In addition to the simulation abilities of the above tool suites there are also some simulation specific tools available.

API Generator for ODE Solution (AGOS)

AGOS is a tool developed at FISIOCOMP, Universidade Federal de Juiz de Fora, Brazil. It provides an on-line tool that automatically builds up an object-oriented C++ class library that allows its users to manipulate and numerically solve Initial Value Problems based on ODE systems described by the CellML and MathML standards. Further information about AGOS can be found in this article.

CellMLSimulator

This is a tool built on top of the C Code Generation Service (CCGS) from the CellML API implementation. It uses the CellML simulation and graphing metadata to decide what simulations need to be performed using the models specified in the metadata and then (optionally) produces the described plots. CellMLSimulator is an open source application developed by David Nickerson and is available from SourceForge.net.

Cell Electrophysiology Simulation Environment (CESE)

CESE is a Java framework for performing computational electrophysiological simulations. See the CESE website for notes on status of CellML support.

Miscelaneous Utilities

Various tools that fit none of the above categories.

CellML2Dot

CellML2Dot is a tool developed by David Nickerson which reads CellML models (1.0 and 1.1) and writes out various configurable parts of the model as dot files suitable for use with the Graphviz (and compatible) graph visualization software. It is an application built on top of the CellML API implementation and was initially developed as a debugging tool for complex CellML 1.1 model hierarchies.

XSLT

MathML display helper A set of files that gets you started if you want to display some MathML in a web page.

MathML Renderer (written by Autumn Cuellar, Auckland Bioengineering Institute) — an XSLT transform that converts the CellML subset of MathML to a LaTeX file. Save the file to your local harddrive and run with any XSLT processor. You'll also need to download a second file to the same directory. The second file is imported to escape the necessary characters in LaTeX. Further instructions are here.

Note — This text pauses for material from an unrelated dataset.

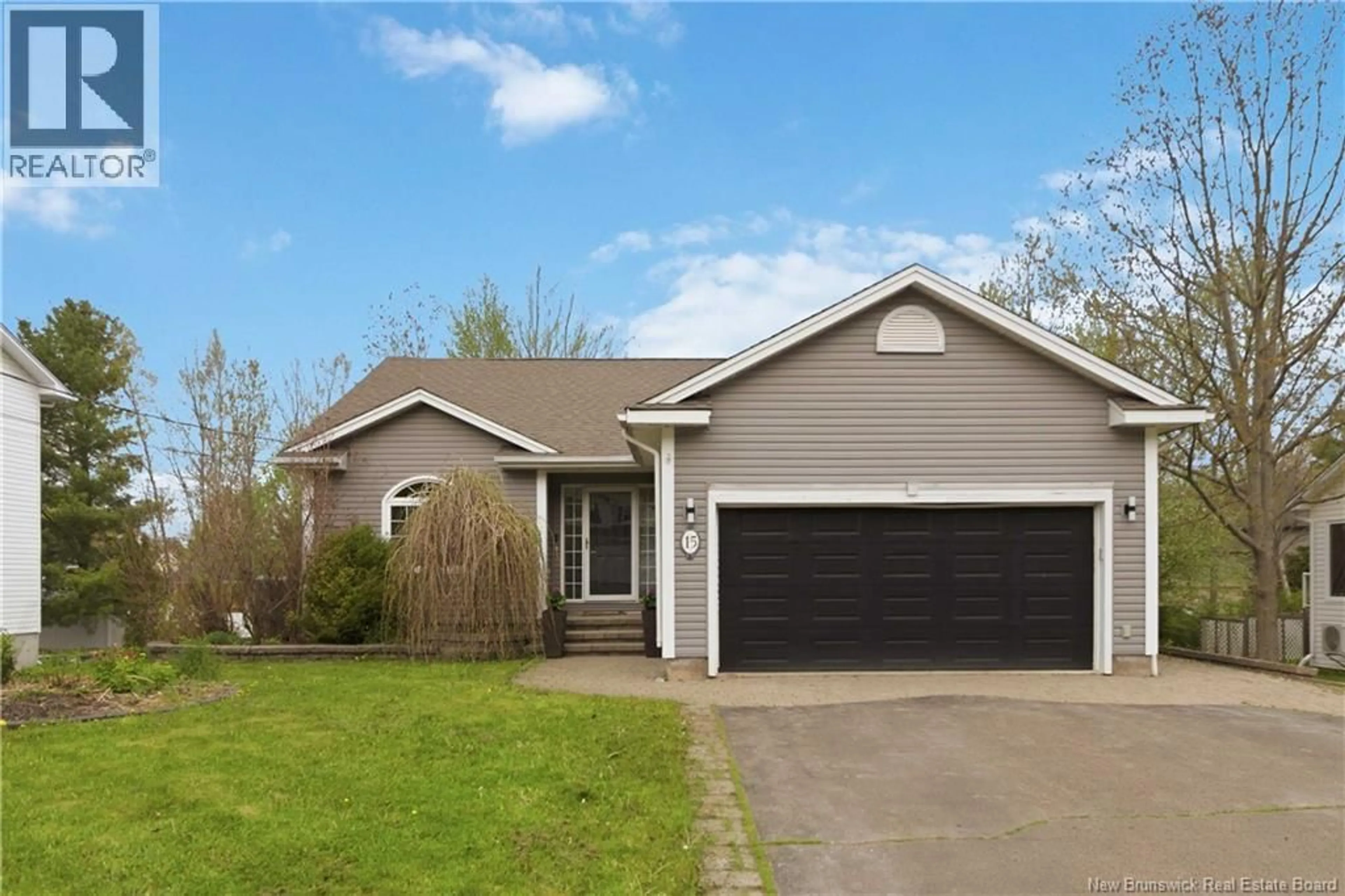 Home with vinyl exterior material, street for 15 GLENFOREST DRIVE, Riverview New Brunswick E1B4X3
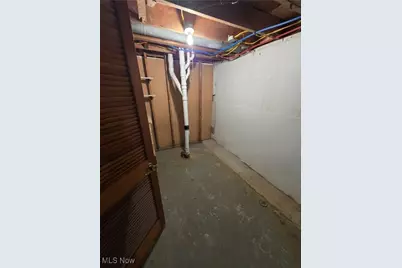 860 Jamestown Avenue, Elyria, OH 44035 - Photo 36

Equation Extractor for Viewing MathML (written by Warren Hedley, Auckland Bioengineering Institute) — an XSLT transform that extracts the MathML from a CellML document and formats it in semi-Presentation MathML. Was originally intended for IBM's techexplorer plug-in, but may also one day work for Mozilla with a little tweaking. Save the file to your local harddrive and run with any XSLT processor.

Scripts

MatLab2CellML (written by Steven Niederer, Auckland Bioengineering Institute) — a perl package containing Eqn2Cellml which generates CellML code from an eqaution written in a single line Matlab format. Eqn2CellML requires a single string input and returns a single string output.